Rede von Martina Renner zum Tag der Opfer des Faschismus 2022
20. September 2022
Liebe Kameradinnen und Kameraden, liebe Engagierte,
ich möchte mit einer persönlichen Begegnung am letzten Wochenende in Wien beginnen. Zusammen mit Aktiven des KZ-Verbandes war ich zu einem antifaschistischen Spaziergang über den Zentralfriedhof verabredet. Irgendwann standen wir vor einer recht monomentalen Bronze. Dem Denkmal für die gefallenen Partisan*innen des ehemaligen Jugoslawien, die ihr Leben im Kampf gegen den Faschismus ließen. Auf dem Plan zum Friedhof ist dieser Gedenkort mit „serbische Opfer des 1. Weltkriegs“ markiert. Kein Wunder angesichts der offiziellen Geschichtspolitik des Landes Österreich sich selbst zum Opfer zu stilisieren und mit dem antifaschistischen Widerstand zu hadern.

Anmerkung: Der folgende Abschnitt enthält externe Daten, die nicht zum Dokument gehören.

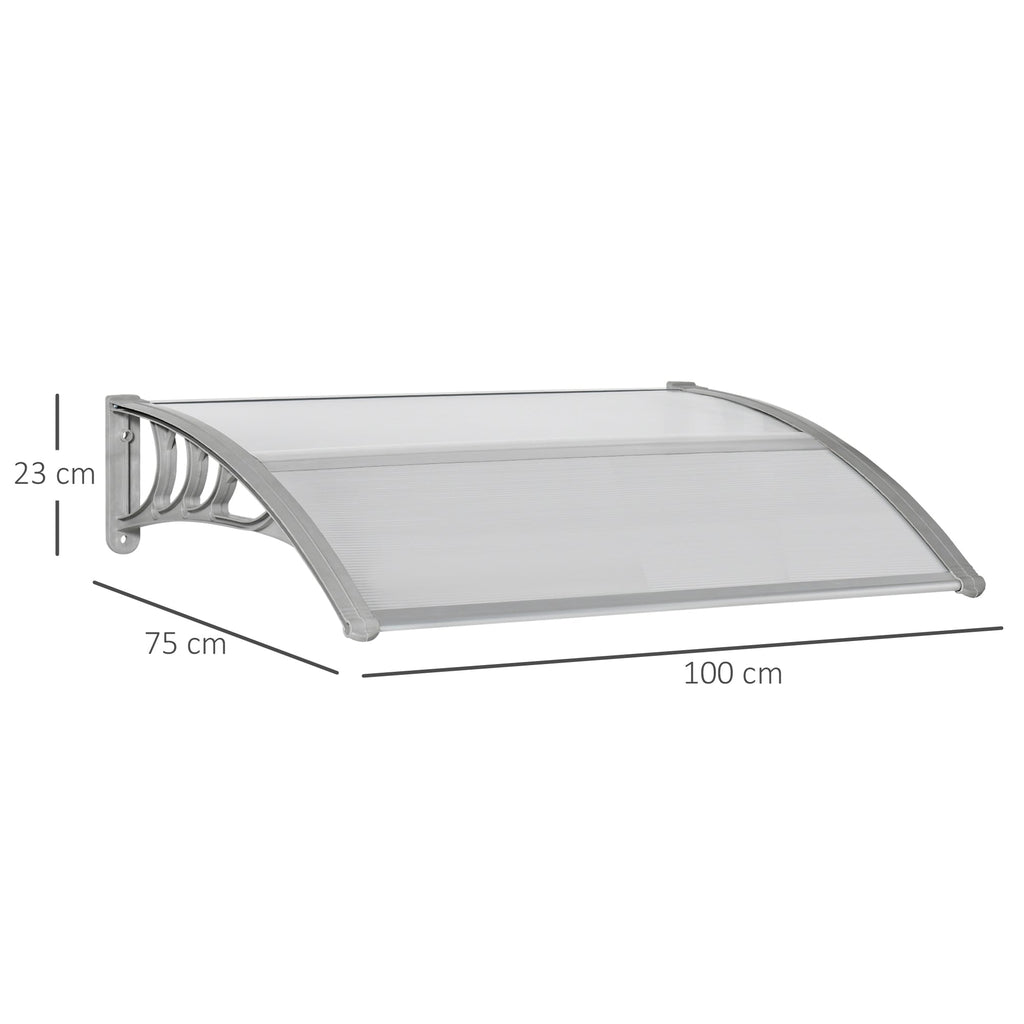 EASYCOMFORT Outdoor Anti-UV Polycarbonate Canopy for Doors and Windows, 100x80cm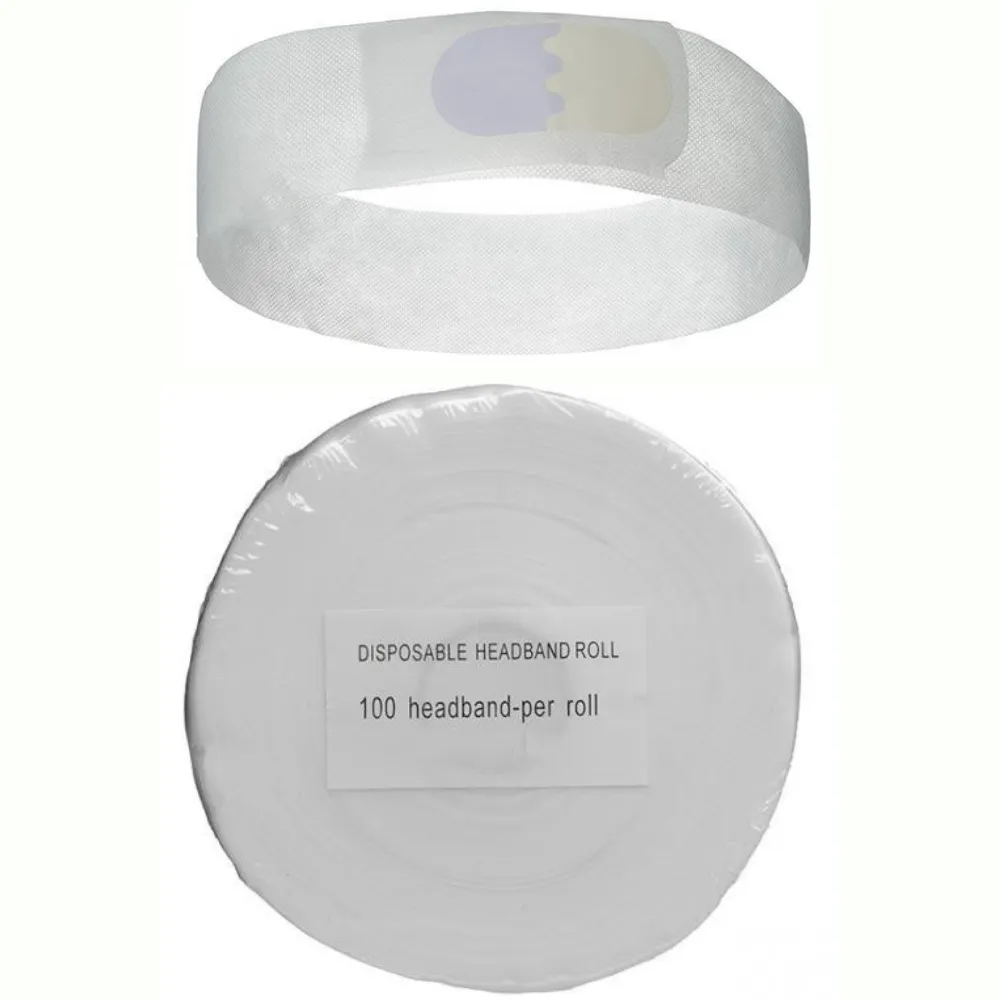 100 Disposable Headbands in a Roll non woven spa headbands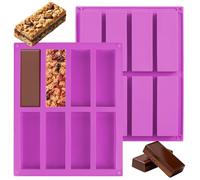 Ainiv 2 PCS Cavity Rectangle Silicone Moulds, Large Silicone Molds for Bread Baking, Baking Moulds for Chocolate Truffles, Bread, Brownies, Cornbread, Cheesecakes, Puddings, Granola Bars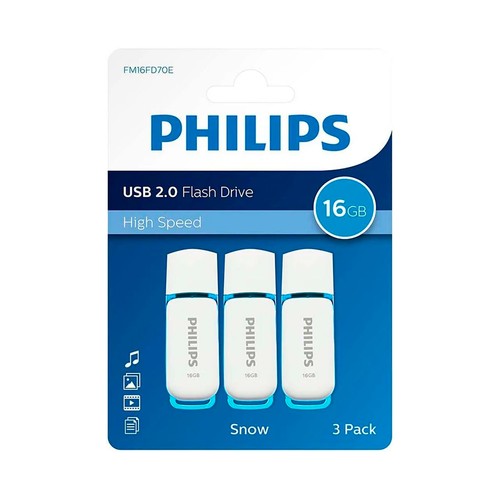 Pack 3 pendrive USB 2.0 PHILIPS Snow Edition Blue, 16GB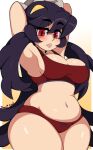 1girl armpits arms_up belly blush border bow bow_panties bra breasts cleavage commentary english_commentary filia_(skullgirls) gradient gradient_background hair_between_eyes half-closed_eyes highres large_breasts long_hair navel outside_border panties plump purple_bow purple_hair red_bra red_eyes red_panties samson_(skullgirls) shiny shiny_skin simple_background skullgirls sports_bra stomach thick_thighs thighs toonigal underwear very_long_hair white_border wide_hips 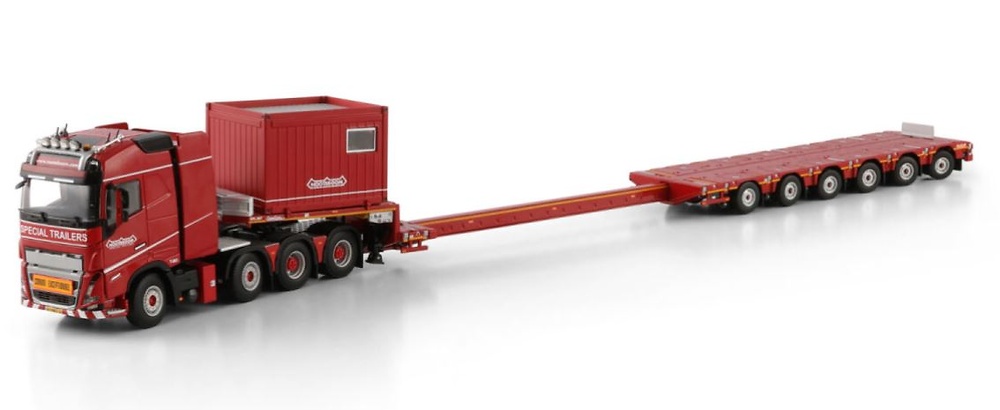 Volvo FH5 Globetrotter 8x4 + Nooteboom Manoovr 6 Achsen + Container 10 ft WSI Models Maßstab 1/50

Antifaschist*innen haben diesen Ort vor einigen Monaten entdeckt, einen vollkommen überwachsenden Marmorkubus mit einer Inschrift freigelegt und diesen 9.Mai dort ein Gedenken abgehalten.
Hier in Bad Salzungen gibt es ein ähnliches Beispiel. Eine Tafel am Rathaus erinnerte an das Wirken von Magnus Poser und Theodor Neubauer. Irgendwann verschwand diese und Kameraden vor Ort machten sich auf die Suche, auch im Internet. Dann tauchte sie ganz plötzlich wieder auf, vermeintlich zufällig gefunden in Trier. Man kaufte sie zurück und verhandelt jetzt mit der Stadt über eine Stele mit eben dieser Plakette und entsprechende Hinweistafel hier auf dem Friedhof, am Gedenkort, wo wir uns gerade befinden. Diese Beispiele zeigen: Erinnerung ist ein umkämpfter Ort. Gedenken ist kein Ritual. Es muss sich verändern, es muss den Blickwinkel auf die Opfer des Faschismus weiten, insbesondere heute da die Zeitzeug*innen uns verlassen. An uns den politischen Erben der Zeitzeug*innen liegt es den Schwur von Buchenwald „Die Vernichtung des Nazismus mit seinen Wurzeln ist unsere Losung. Der Aufbau einer neuen Welt des Friedens und der Freiheit ist unser Ziel.“ gerade auch für die junge Generation zu aktualisieren. Mahnung, Erinnerung an die Opfer und aktives Engagement sind untrennbar verbunden.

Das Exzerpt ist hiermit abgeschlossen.